▸ INFORMATION SUPPLIED
********************

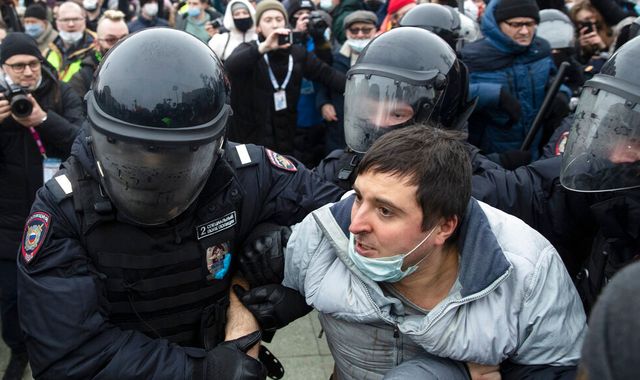 US and UK condemn 'harsh tactics' as thousands of Alexei Navalny supporters arrested amid mass protests - Vimarsana News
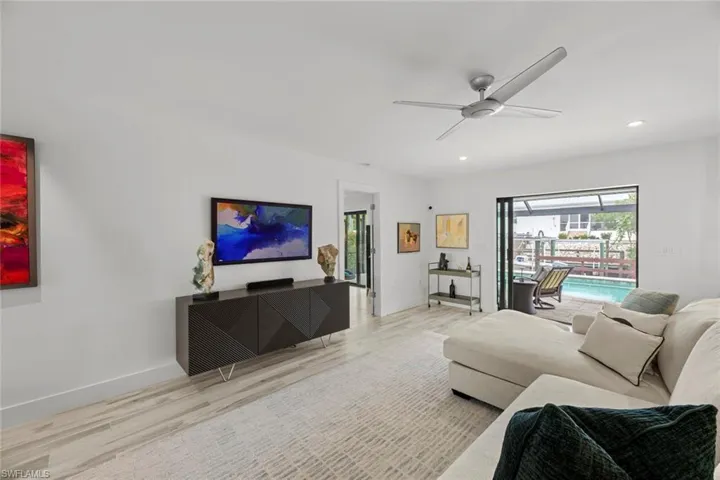 Great room with direct lanai access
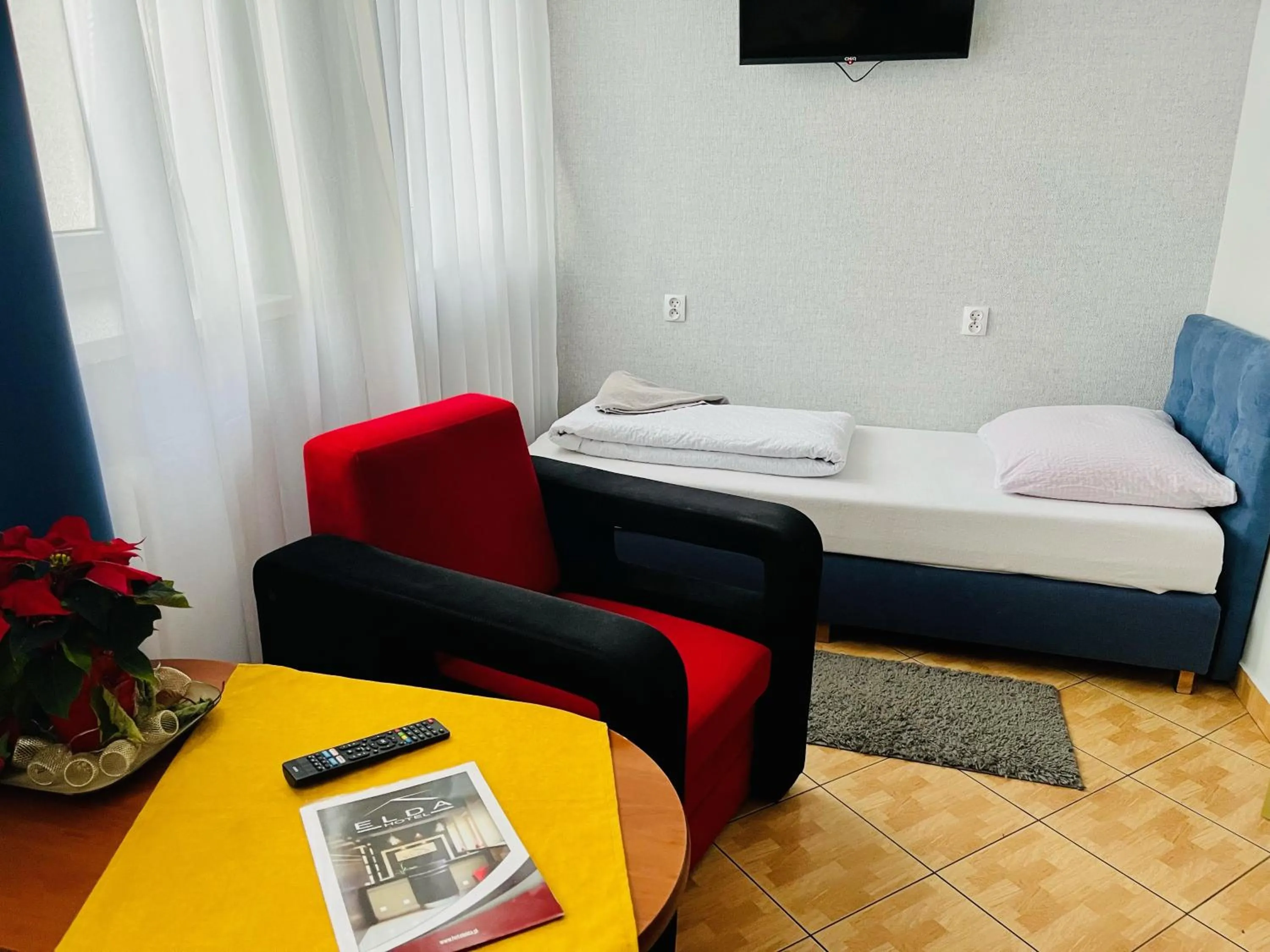 TV and multimedia, Bed in Hotel Elda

********************

Copy all of the listing word for word, minus the images.

 US and UK condemn 'harsh tactics' as thousands of Alexei Navalny supporters arrested amid mass protests - Vimarsana News
 Great room with direct lanai access
 TV and multimedia, Bed in Hotel Elda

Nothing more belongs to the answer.